Task inputs Block Start

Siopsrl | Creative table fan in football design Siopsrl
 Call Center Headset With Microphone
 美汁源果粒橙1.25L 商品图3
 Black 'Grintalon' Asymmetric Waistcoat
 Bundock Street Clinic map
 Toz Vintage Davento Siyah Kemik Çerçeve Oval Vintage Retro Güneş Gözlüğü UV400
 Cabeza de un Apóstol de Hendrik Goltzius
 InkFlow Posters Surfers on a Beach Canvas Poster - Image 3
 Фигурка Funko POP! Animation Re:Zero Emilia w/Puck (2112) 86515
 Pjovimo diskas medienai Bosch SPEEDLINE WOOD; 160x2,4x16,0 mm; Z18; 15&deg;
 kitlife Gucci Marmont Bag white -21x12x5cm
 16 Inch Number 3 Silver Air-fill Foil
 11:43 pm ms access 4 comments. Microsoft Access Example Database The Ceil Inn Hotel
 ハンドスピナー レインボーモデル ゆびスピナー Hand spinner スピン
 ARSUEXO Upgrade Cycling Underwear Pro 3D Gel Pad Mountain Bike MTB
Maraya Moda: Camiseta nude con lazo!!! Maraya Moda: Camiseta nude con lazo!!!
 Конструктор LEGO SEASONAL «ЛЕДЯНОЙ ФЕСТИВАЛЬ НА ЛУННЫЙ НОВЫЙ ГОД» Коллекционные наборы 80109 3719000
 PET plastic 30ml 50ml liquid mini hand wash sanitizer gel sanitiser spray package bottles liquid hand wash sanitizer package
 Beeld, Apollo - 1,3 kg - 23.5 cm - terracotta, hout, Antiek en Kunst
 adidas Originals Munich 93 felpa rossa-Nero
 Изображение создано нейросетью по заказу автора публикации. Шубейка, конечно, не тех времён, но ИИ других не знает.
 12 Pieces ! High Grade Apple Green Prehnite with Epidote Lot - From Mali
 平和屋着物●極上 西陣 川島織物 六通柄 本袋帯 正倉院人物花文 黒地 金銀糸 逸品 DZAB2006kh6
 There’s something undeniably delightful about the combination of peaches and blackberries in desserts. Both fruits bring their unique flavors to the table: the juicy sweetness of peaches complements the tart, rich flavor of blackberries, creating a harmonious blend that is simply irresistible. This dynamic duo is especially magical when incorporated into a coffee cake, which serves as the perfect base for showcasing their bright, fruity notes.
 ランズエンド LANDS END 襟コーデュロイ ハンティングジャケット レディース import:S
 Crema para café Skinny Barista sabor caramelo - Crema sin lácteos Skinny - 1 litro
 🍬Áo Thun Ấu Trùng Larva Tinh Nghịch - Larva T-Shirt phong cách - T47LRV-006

Task inputs Block End

- [Task goal]:
Read through the data above. Report each line that has the word "table".

- [Your solution]:
Siopsrl | Creative table fan in football design Siopsrl
 There’s something undeniably delightful about the combination of peaches and blackberries in desserts. Both fruits bring their unique flavors to the table: the juicy sweetness of peaches complements the tart, rich flavor of blackberries, creating a harmonious blend that is simply irresistible. This dynamic duo is especially magical when incorporated into a coffee cake, which serves as the perfect base for showcasing their bright, fruity notes.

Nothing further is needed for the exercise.